*Exercise materials*
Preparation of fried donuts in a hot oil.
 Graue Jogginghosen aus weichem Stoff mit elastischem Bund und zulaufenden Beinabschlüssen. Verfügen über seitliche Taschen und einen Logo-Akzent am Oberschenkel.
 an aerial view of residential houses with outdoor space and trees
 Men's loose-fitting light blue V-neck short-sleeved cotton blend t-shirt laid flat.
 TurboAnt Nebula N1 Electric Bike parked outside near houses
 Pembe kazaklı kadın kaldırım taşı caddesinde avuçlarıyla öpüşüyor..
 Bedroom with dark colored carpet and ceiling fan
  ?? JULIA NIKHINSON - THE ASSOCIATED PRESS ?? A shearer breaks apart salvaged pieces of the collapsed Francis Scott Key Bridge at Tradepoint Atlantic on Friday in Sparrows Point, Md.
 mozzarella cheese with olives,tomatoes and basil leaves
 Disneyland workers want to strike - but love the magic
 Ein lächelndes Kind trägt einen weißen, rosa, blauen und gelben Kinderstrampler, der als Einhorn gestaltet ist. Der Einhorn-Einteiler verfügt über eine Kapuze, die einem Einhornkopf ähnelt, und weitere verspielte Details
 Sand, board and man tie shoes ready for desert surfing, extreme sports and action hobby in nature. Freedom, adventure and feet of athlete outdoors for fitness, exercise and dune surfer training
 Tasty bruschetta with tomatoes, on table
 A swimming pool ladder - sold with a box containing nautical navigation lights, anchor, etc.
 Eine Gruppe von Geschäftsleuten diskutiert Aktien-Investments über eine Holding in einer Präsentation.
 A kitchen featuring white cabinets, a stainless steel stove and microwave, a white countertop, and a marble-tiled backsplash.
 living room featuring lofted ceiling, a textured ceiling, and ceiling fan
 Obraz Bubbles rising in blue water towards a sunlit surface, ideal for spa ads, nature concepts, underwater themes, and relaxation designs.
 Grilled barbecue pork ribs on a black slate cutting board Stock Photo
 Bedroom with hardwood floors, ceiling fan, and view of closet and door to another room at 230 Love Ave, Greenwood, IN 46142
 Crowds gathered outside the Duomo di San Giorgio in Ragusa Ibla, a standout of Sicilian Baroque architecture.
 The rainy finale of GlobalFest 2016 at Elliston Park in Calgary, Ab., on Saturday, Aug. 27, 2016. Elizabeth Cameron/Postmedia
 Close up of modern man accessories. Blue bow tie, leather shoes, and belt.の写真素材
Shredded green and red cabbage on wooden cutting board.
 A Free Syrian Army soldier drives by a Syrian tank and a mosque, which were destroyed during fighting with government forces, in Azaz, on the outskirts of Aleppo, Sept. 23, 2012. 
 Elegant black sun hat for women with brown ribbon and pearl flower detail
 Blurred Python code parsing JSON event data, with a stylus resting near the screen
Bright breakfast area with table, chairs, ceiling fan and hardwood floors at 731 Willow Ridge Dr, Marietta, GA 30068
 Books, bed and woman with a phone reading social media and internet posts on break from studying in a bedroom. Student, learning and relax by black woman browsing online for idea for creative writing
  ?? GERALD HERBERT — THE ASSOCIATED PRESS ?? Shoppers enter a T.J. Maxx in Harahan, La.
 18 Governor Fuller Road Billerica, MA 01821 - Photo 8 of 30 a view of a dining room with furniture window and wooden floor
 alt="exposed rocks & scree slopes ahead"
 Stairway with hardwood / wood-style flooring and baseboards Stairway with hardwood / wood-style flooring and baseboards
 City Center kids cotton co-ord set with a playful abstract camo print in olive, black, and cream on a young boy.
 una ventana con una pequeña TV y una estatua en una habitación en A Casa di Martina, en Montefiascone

*Work instruction*
Would you copy the data exactly as shown above?

*Answer box*
Preparation of fried donuts in a hot oil.
 Graue Jogginghosen aus weichem Stoff mit elastischem Bund und zulaufenden Beinabschlüssen. Verfügen über seitliche Taschen und einen Logo-Akzent am Oberschenkel.
 an aerial view of residential houses with outdoor space and trees
 Men's loose-fitting light blue V-neck short-sleeved cotton blend t-shirt laid flat.
 TurboAnt Nebula N1 Electric Bike parked outside near houses
 Pembe kazaklı kadın kaldırım taşı caddesinde avuçlarıyla öpüşüyor..
 Bedroom with dark colored carpet and ceiling fan
  ?? JULIA NIKHINSON - THE ASSOCIATED PRESS ?? A shearer breaks apart salvaged pieces of the collapsed Francis Scott Key Bridge at Tradepoint Atlantic on Friday in Sparrows Point, Md.
 mozzarella cheese with olives,tomatoes and basil leaves
 Disneyland workers want to strike - but love the magic
 Ein lächelndes Kind trägt einen weißen, rosa, blauen und gelben Kinderstrampler, der als Einhorn gestaltet ist. Der Einhorn-Einteiler verfügt über eine Kapuze, die einem Einhornkopf ähnelt, und weitere verspielte Details
 Sand, board and man tie shoes ready for desert surfing, extreme sports and action hobby in nature. Freedom, adventure and feet of athlete outdoors for fitness, exercise and dune surfer training
 Tasty bruschetta with tomatoes, on table
 A swimming pool ladder - sold with a box containing nautical navigation lights, anchor, etc.
 Eine Gruppe von Geschäftsleuten diskutiert Aktien-Investments über eine Holding in einer Präsentation.
 A kitchen featuring white cabinets, a stainless steel stove and microwave, a white countertop, and a marble-tiled backsplash.
 living room featuring lofted ceiling, a textured ceiling, and ceiling fan
 Obraz Bubbles rising in blue water towards a sunlit surface, ideal for spa ads, nature concepts, underwater themes, and relaxation designs.
 Grilled barbecue pork ribs on a black slate cutting board Stock Photo
 Bedroom with hardwood floors, ceiling fan, and view of closet and door to another room at 230 Love Ave, Greenwood, IN 46142
 Crowds gathered outside the Duomo di San Giorgio in Ragusa Ibla, a standout of Sicilian Baroque architecture.
 The rainy finale of GlobalFest 2016 at Elliston Park in Calgary, Ab., on Saturday, Aug. 27, 2016. Elizabeth Cameron/Postmedia
 Close up of modern man accessories. Blue bow tie, leather shoes, and belt.の写真素材
Shredded green and red cabbage on wooden cutting board.
 A Free Syrian Army soldier drives by a Syrian tank and a mosque, which were destroyed during fighting with government forces, in Azaz, on the outskirts of Aleppo, Sept. 23, 2012. 
 Elegant black sun hat for women with brown ribbon and pearl flower detail
 Blurred Python code parsing JSON event data, with a stylus resting near the screen
Bright breakfast area with table, chairs, ceiling fan and hardwood floors at 731 Willow Ridge Dr, Marietta, GA 30068
 Books, bed and woman with a phone reading social media and internet posts on break from studying in a bedroom. Student, learning and relax by black woman browsing online for idea for creative writing
  ?? GERALD HERBERT — THE ASSOCIATED PRESS ?? Shoppers enter a T.J. Maxx in Harahan, La.
 18 Governor Fuller Road Billerica, MA 01821 - Photo 8 of 30 a view of a dining room with furniture window and wooden floor
 alt="exposed rocks & scree slopes ahead"
 Stairway with hardwood / wood-style flooring and baseboards Stairway with hardwood / wood-style flooring and baseboards
 City Center kids cotton co-ord set with a playful abstract camo print in olive, black, and cream on a young boy.
 una ventana con una pequeña TV y una estatua en una habitación en A Casa di Martina, en Montefiascone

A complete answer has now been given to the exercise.